From the listing below, reproduce exactly the lines starting with the one with "Image of Michelle Obama has two daughters." and going on through the one with "Building Photo - 6734 Barnhurst Dr", both ends kept. No picture is copied.

Data under study section start

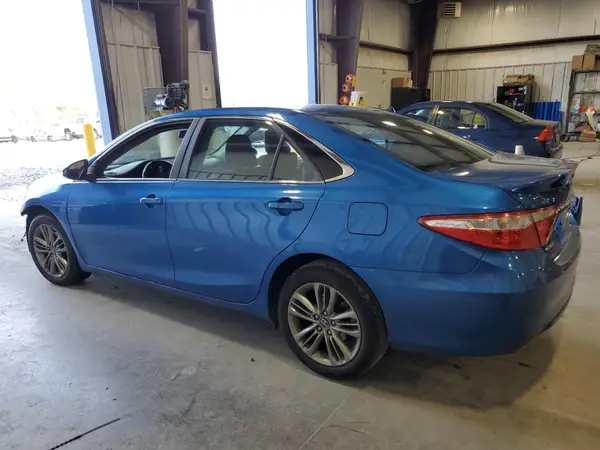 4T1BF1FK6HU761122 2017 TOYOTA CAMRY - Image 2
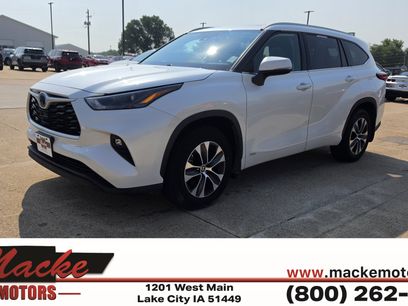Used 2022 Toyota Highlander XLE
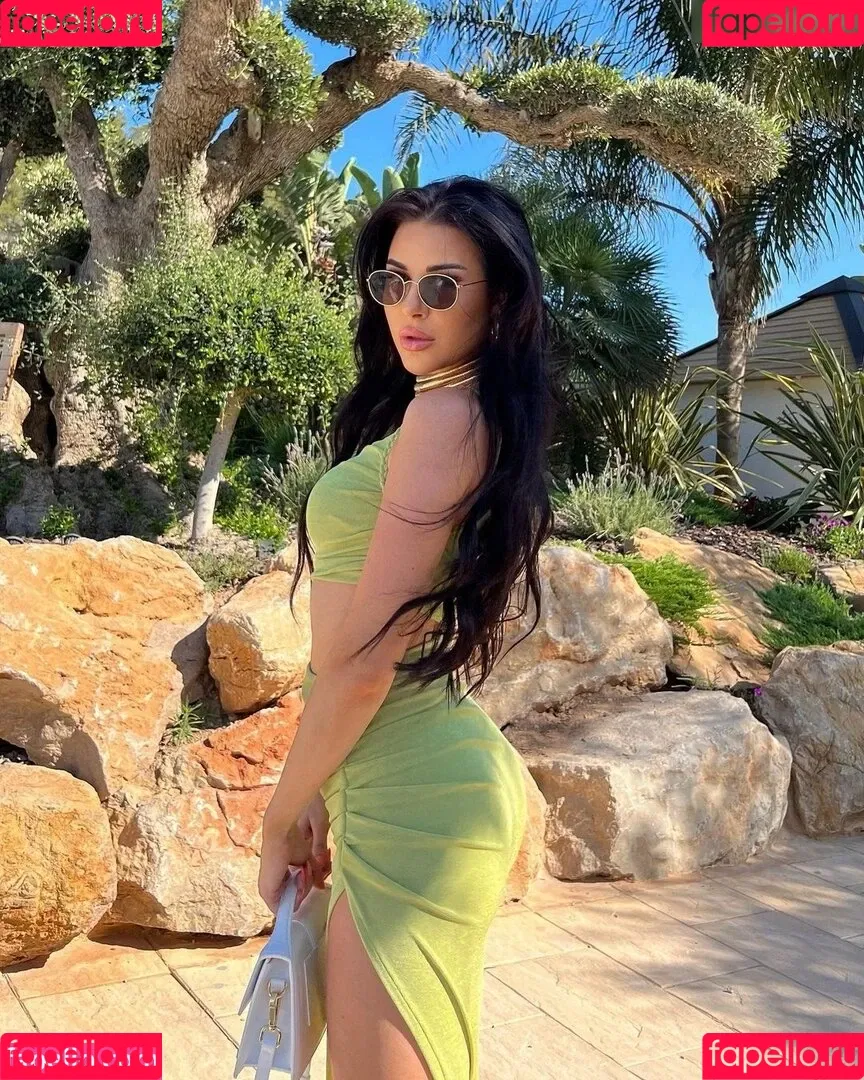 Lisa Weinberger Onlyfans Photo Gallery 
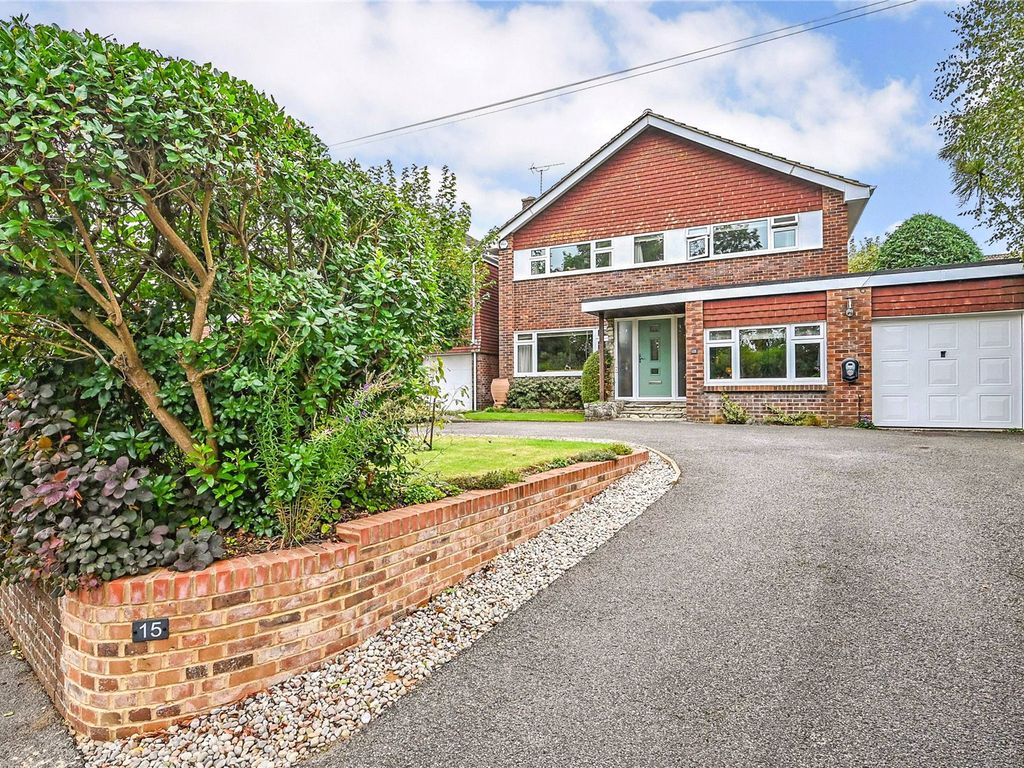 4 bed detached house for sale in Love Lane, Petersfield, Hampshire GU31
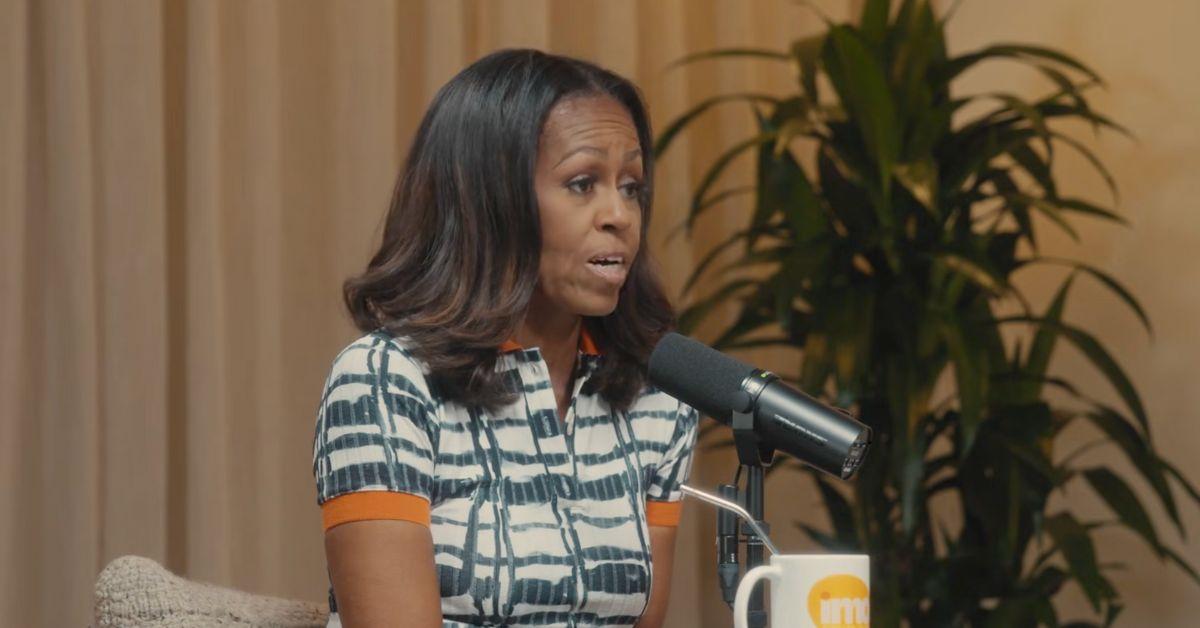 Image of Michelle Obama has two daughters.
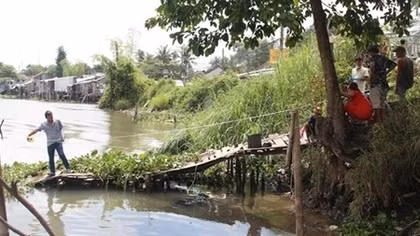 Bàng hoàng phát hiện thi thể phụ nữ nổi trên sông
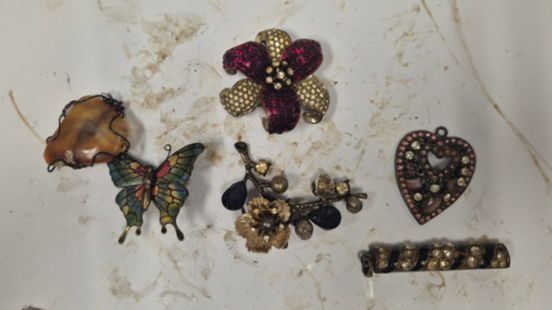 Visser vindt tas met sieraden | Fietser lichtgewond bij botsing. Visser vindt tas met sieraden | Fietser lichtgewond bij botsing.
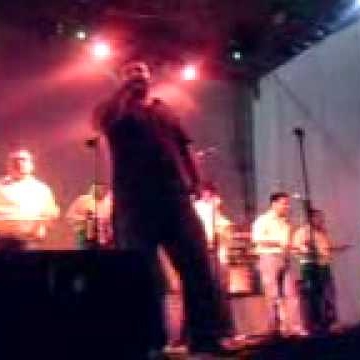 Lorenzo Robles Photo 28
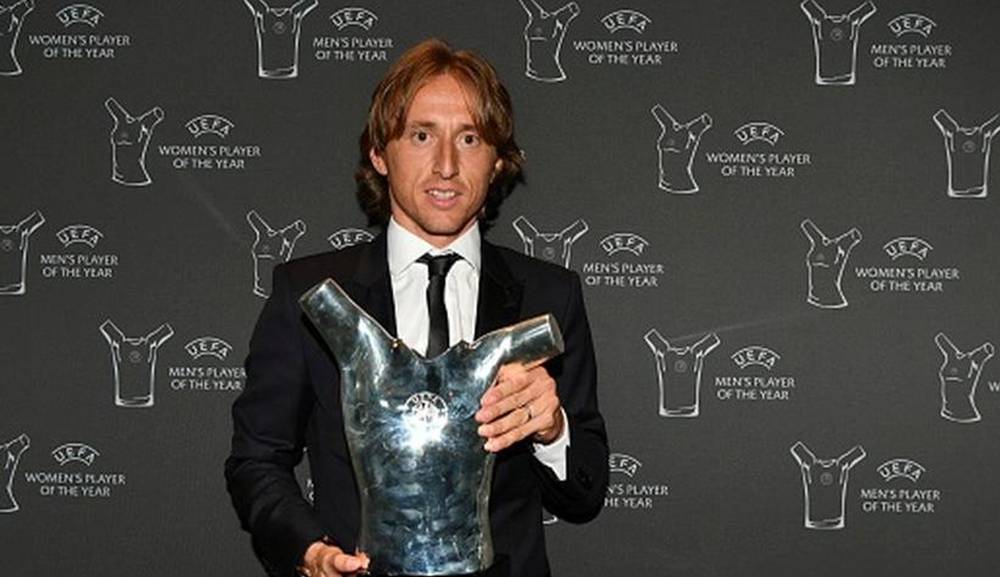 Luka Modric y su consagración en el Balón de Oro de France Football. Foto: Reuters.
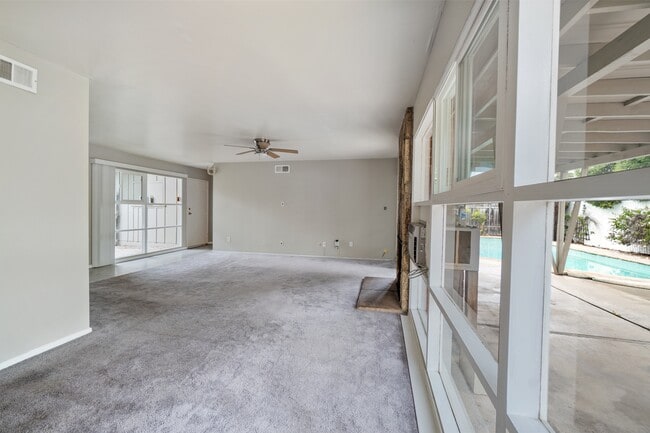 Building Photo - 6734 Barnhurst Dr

Data under study section end
Data under study section start

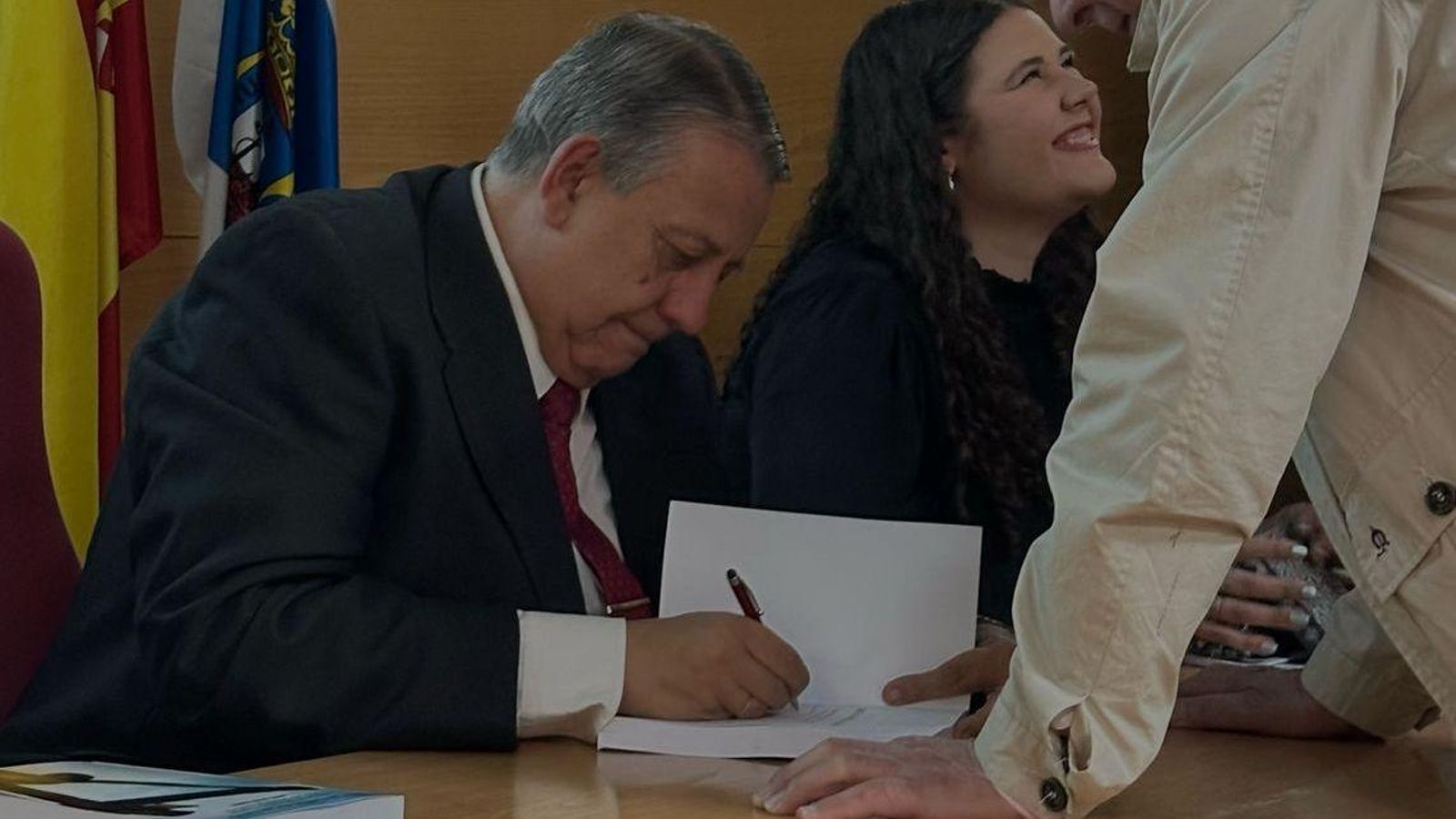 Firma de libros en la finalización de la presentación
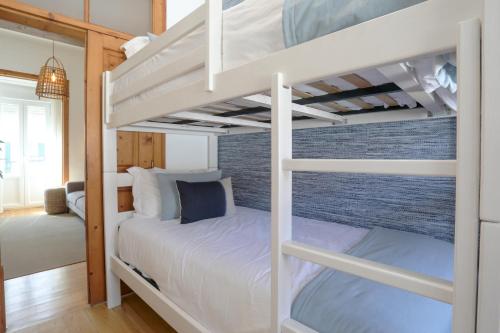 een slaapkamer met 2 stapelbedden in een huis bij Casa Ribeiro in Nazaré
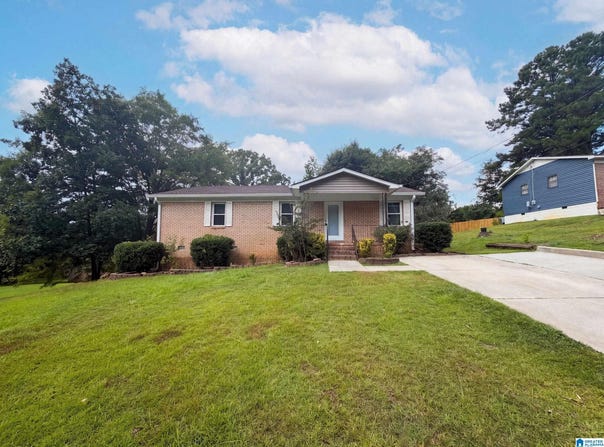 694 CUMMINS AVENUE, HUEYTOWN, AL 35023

Data under study section end
Data under study section start

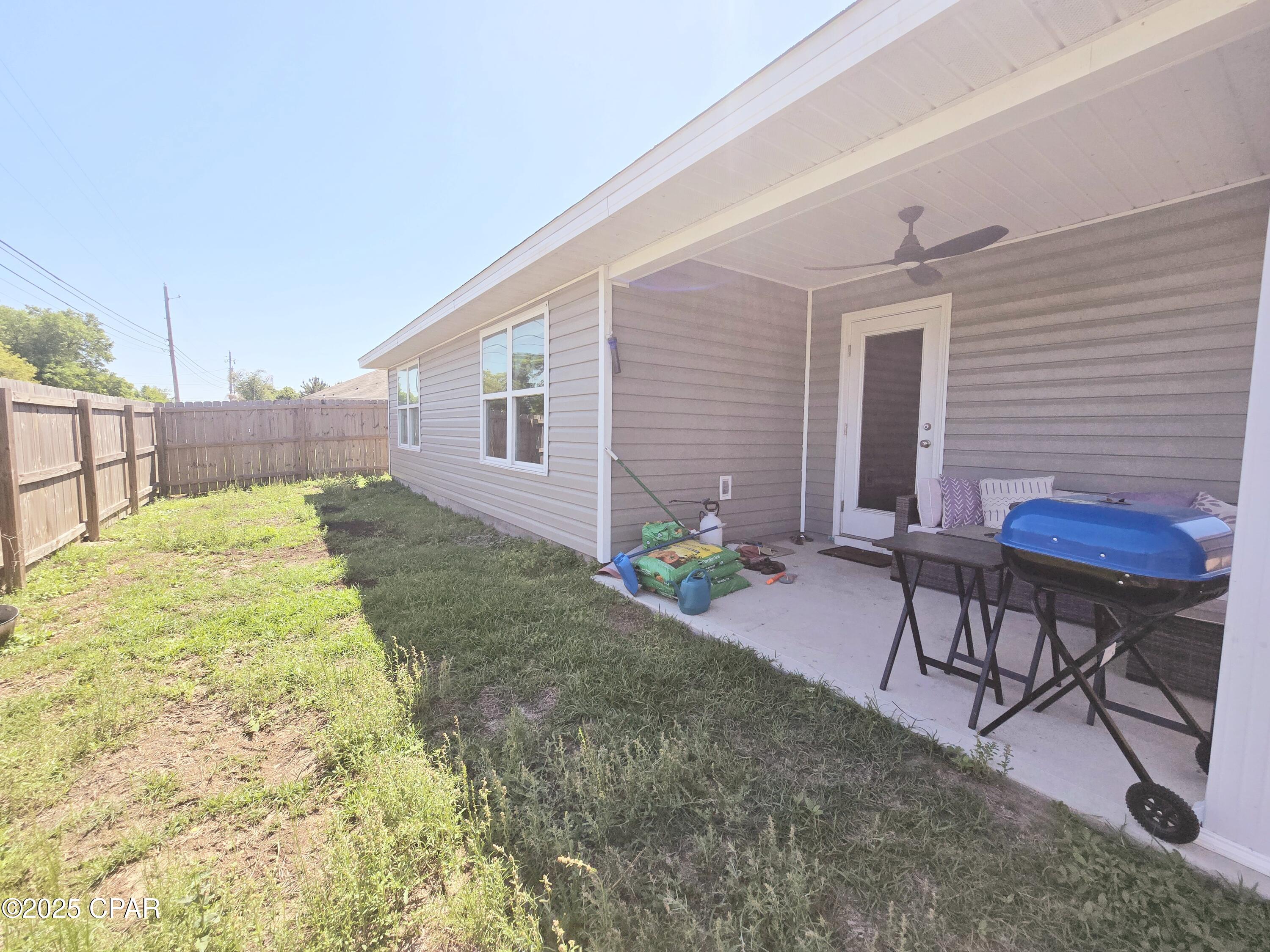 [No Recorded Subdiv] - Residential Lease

Data under study section end

Exercise solution =>
 Image of Michelle Obama has two daughters.
 Bàng hoàng phát hiện thi thể phụ nữ nổi trên sông
 Visser vindt tas met sieraden | Fietser lichtgewond bij botsing. Visser vindt tas met sieraden | Fietser lichtgewond bij botsing.
 Lorenzo Robles Photo 28
 Luka Modric y su consagración en el Balón de Oro de France Football. Foto: Reuters.
 Building Photo - 6734 Barnhurst Dr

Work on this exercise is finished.